Comenzamos a aprovechar nuestro gran privilegio de conocer personalmente a Dios cuando recibimos su regalo de vida nueva en Cristo. A partir de ese momento somos llenos de su Espíritu Santo. El Señor Jesús, nuestro mediador, salvó la brecha de pecado que separaba a Dios y al hombre. Por su muerte en la cruz, hizo posible que, a pesar de lo pecadores que éramos, nos convirtiéramos en hijos de Jehová de los ejércitos, cuya santidad abrumó a Isaías (Is 6.1-7). Es imposible conocer verdaderamente a Dios, sin conocer primero a Jesús.
Si nos centramos exclusivamente en nuestras preocupaciones, aprenderemos muy poco acerca del Señor. Para hacer nuestro el privilegio que Cristo nos ha dado —el de conocer al Padre— tenemos que estar interesados en lo que le interesa a Él.
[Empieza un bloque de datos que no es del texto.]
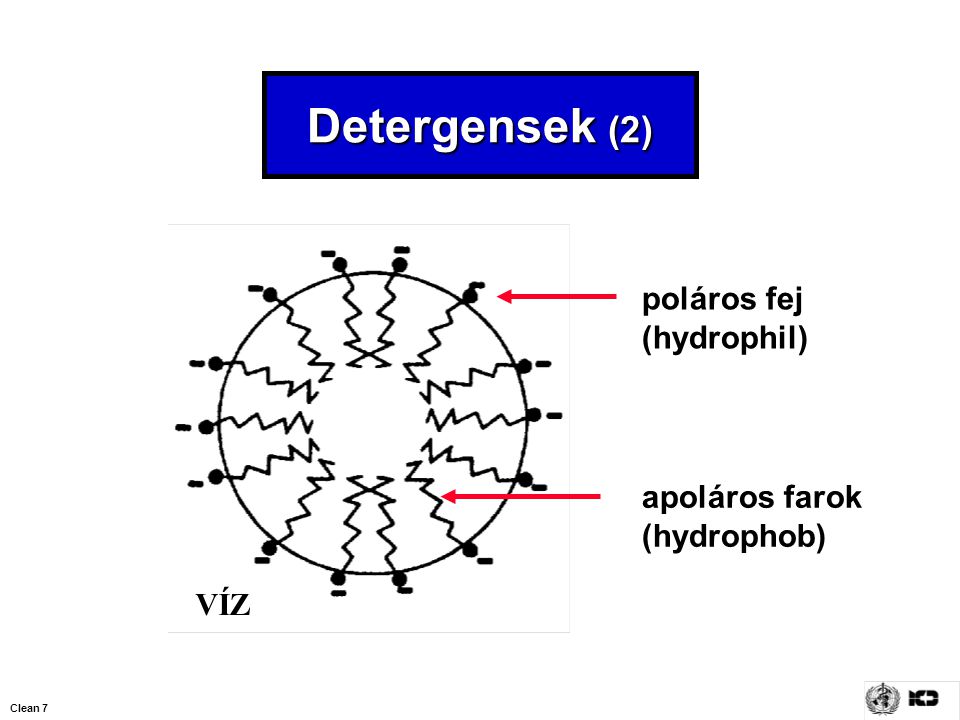 Detergensek (2) poláros fej (hydrophil) apoláros farok (hydrophob) VÍZ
Al observar con atención su manera de hacer las cosas, podemos llegar a entender lo que considera importante. Sabemos que a Dios le importan los que andan en oscuridad, los que no tienen a nadie que les ayude, los enfermos, los que sufren y los que mueren. Para aprovechar al máximo el privilegio de conocer al Señor más profundamente, debemos llevar su amor al mundo, e involucrarnos cada día en lo que está haciendo a nuestro alrededor.